What is being asked - Drop the pictures and repeat exactly from the "Rent the balcony" line down to the last line of the entries below.

*** Opening Provided records ***

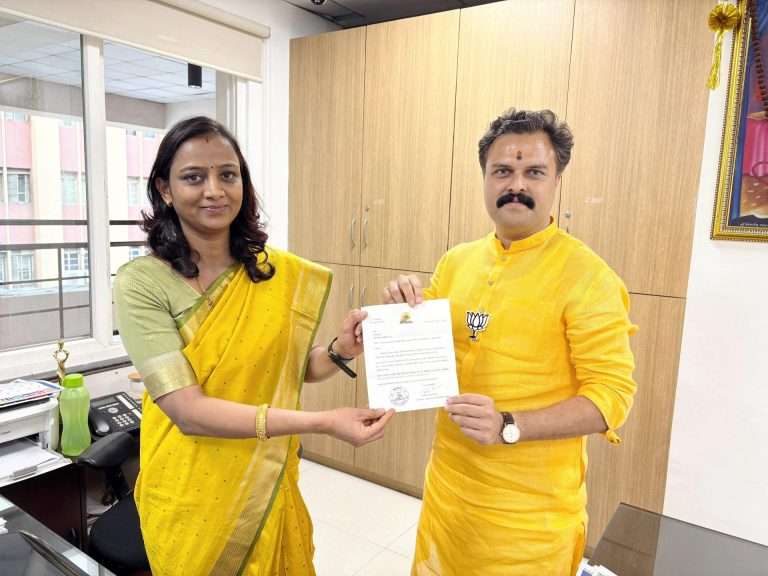 नगरसेवक राघवेंद्र बाप्पु मानकरांचा आदर्श निर्णय,नगरसेवक म्हणून मिळणारे मानधन गरजू रुग्णांसाठी महापौर निधीला वर्ग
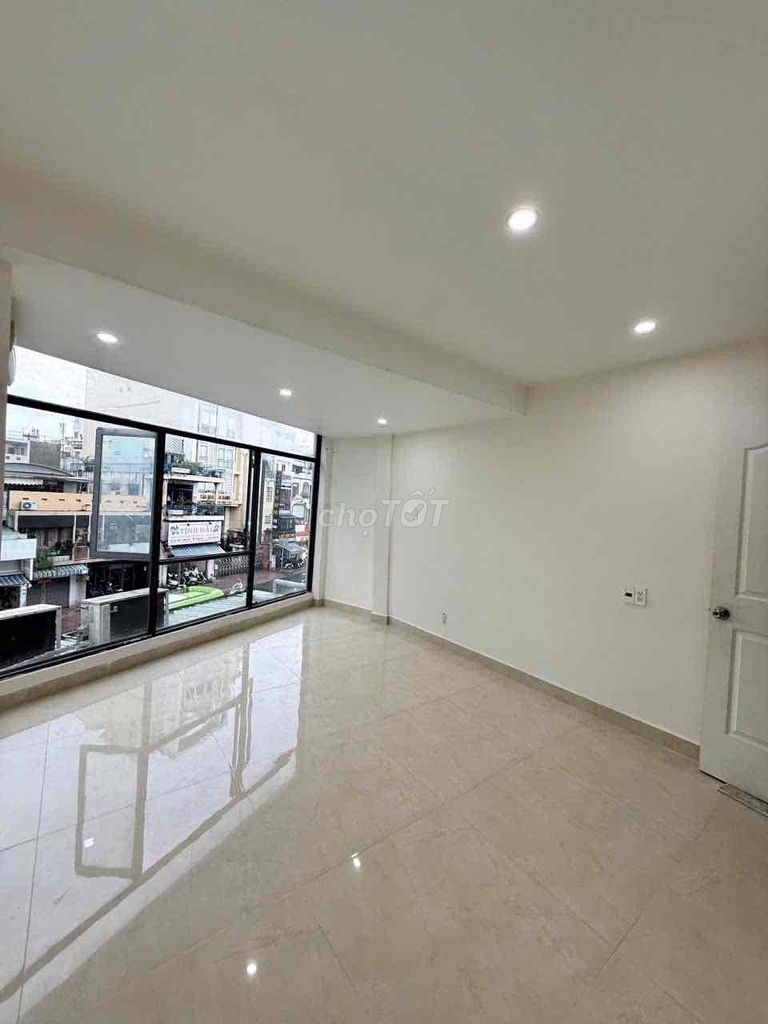 Rent the balcony empty room/ large window in downtown Phú Nhuận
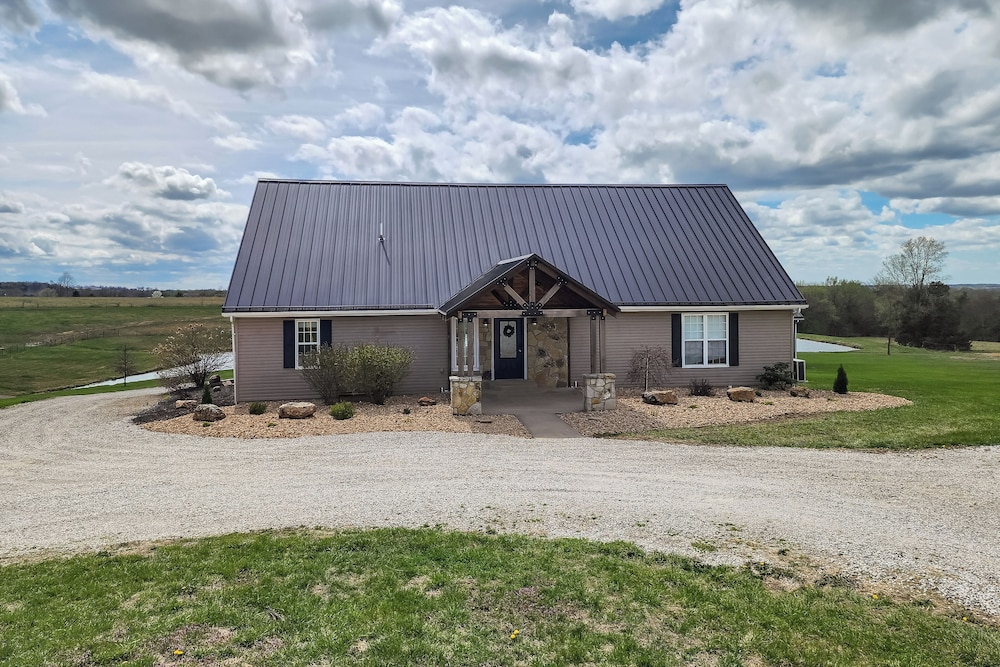 Pond Access & Fishing: 'cedar Lodge' in Versailles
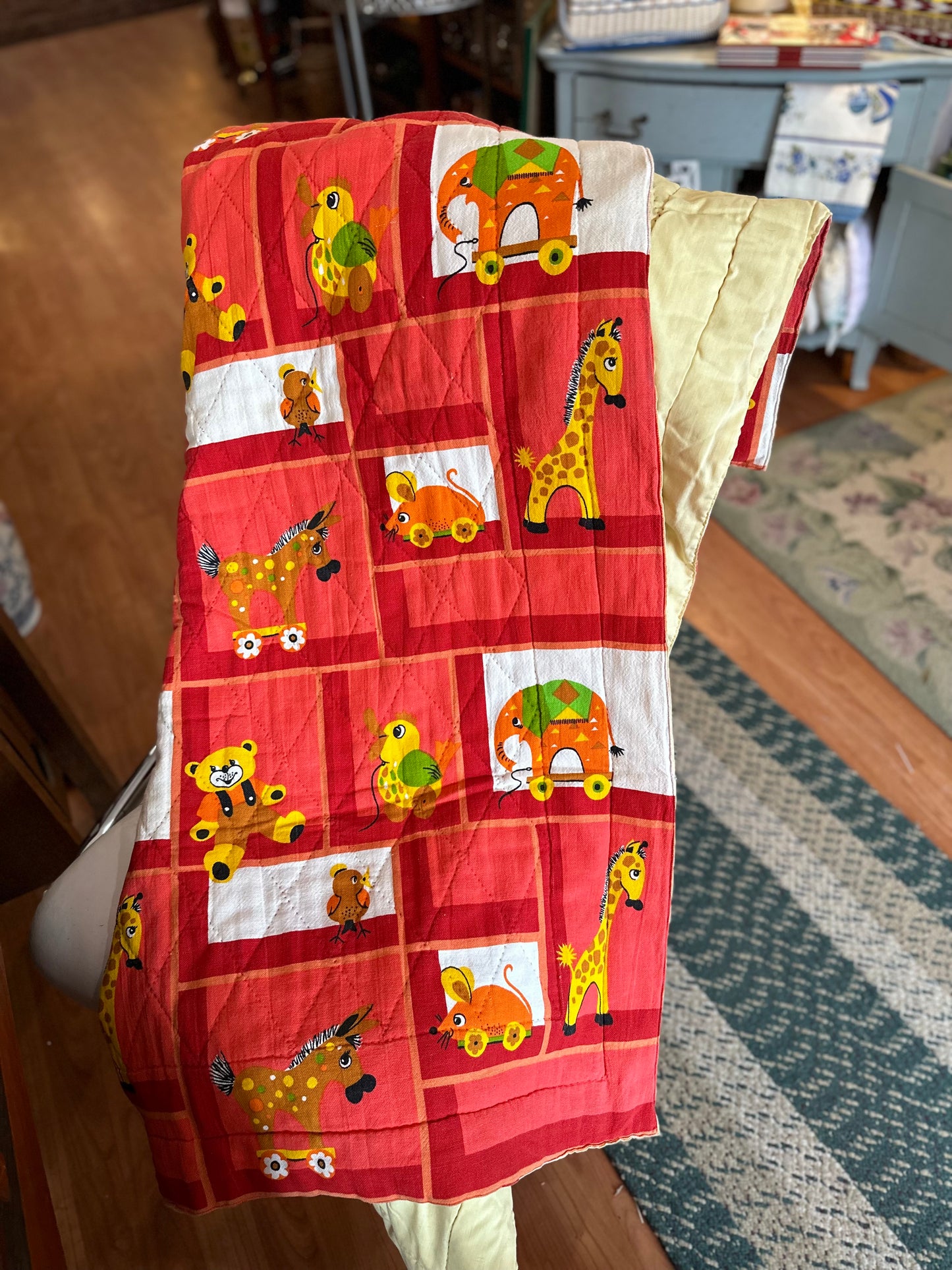 Mid century children’s comforter (42x60 inches) 

42x60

*** Closing Provided records ***

Finished exercise -
 Rent the balcony empty room/ large window in downtown Phú Nhuận
 Pond Access & Fishing: 'cedar Lodge' in Versailles
 Mid century children’s comforter (42x60 inches) 

42x60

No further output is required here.